La FCA britannique a vu jusqu’à présent un « impact positif » de la mise en place des règles MIFID 2 concernant la recherche financière. Lors d’un discours rapporté par le Financial Times, Andrew Bailey, directeur général de la FCA a déclaré que les investisseurs en actions au Royaume-Uni ont économisé l’an dernier plus de 180 millions de livres grâce aux changements sur la façon dont les asset managers paient pour la recherche.
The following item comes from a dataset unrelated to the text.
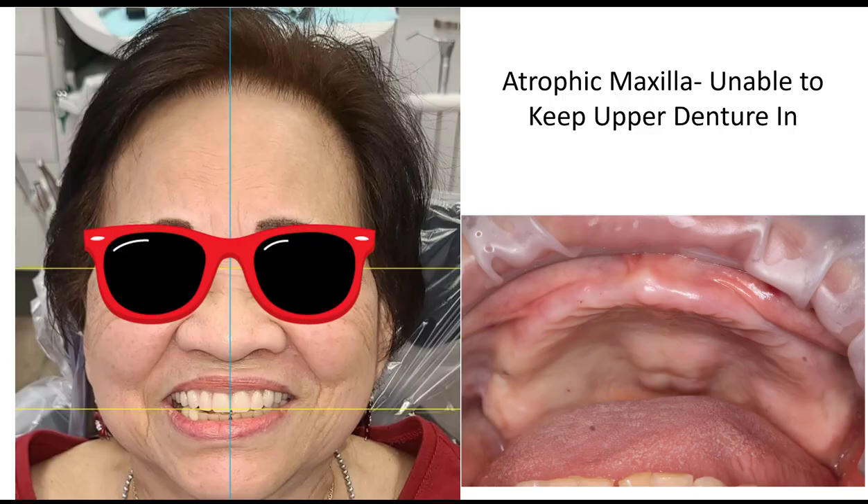All right, so let's jump into this case. This is the patient we worked on, and her main complaint was she's really unable to wear her upper denture. If you look at that ridge on the right image, you can tell why — she's just got a really atrophic ridge. Dr. Gilreath had made her a really nice denture; aesthetically it looks great. She just can't keep it in because she has no bone to retain it.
Il a ajouté que le marché pour donner un prix à la recherche des analystes était toujours en pleine évolution, mais que la hausse de la concurrence et des prix plus transparents ont créé « des gagnants et des perdants ». Le FT note que ce discours intervient alors que les fournisseurs les plus petits estiment avoir été dupés par la nouvelle réglementation introduite en janvier 2018. Andrew Bailey a reconnu toutefois que les prix étaient « bien plus bas » que ce qu’il avait anticipé.


ALLEMAGNE
Rothschild veut renforcer sa gestion de fortune en Allemagne

Bloomberg, 25/02/19

Rothschild veut continuer à renforcer ses activités de gestion de fortune en Allemagne. Après avoir porté les effectifs de l’équipe dédiée à une quarantaine de personnes durant l’année 2018, Rothschild va continuer d’embaucher cette année, a indiqué à Bloomberg Reinhard Krafft, qui dirige la division Private Wealth en Allemagne chez Rothschild & Co. Au cours des cinq dernières années, le montant des actifs sous gestion a été multiplié par quatre, selon une présentation de Rothschild. Les encours sont « nettement supérieurs à 3 milliards d’euros », a indiqué sans plus de précisions Reinhard Krafft. A côté de la division Corporate Finance Beratung (conseil en fusions/acquisitions), la gestion de fortune, avec des bureaux à Francfort et Düsseldorf, pourrait ainsi constituer un second pilier de l’activité de Rothschild sur le sol allemand. « Nous avons commencé avec une petite équipe (ndlr : en 2003). Nous voulons désormais également dans cette activité augmenter de taille en Allemagne », a souligné Reinhard Krafft qui précise s’intéresser en priorité aux entreprises familiales qui investissent 5 millions d’euros ou plus. Rothschild, qui compte déjà plusieurs centaines de clients en gestion de fortune, compte se différencier de la concurrence en offrant notamment un accès à des investissements dans le private equity avec la famille Rothschild comme co-investisseur.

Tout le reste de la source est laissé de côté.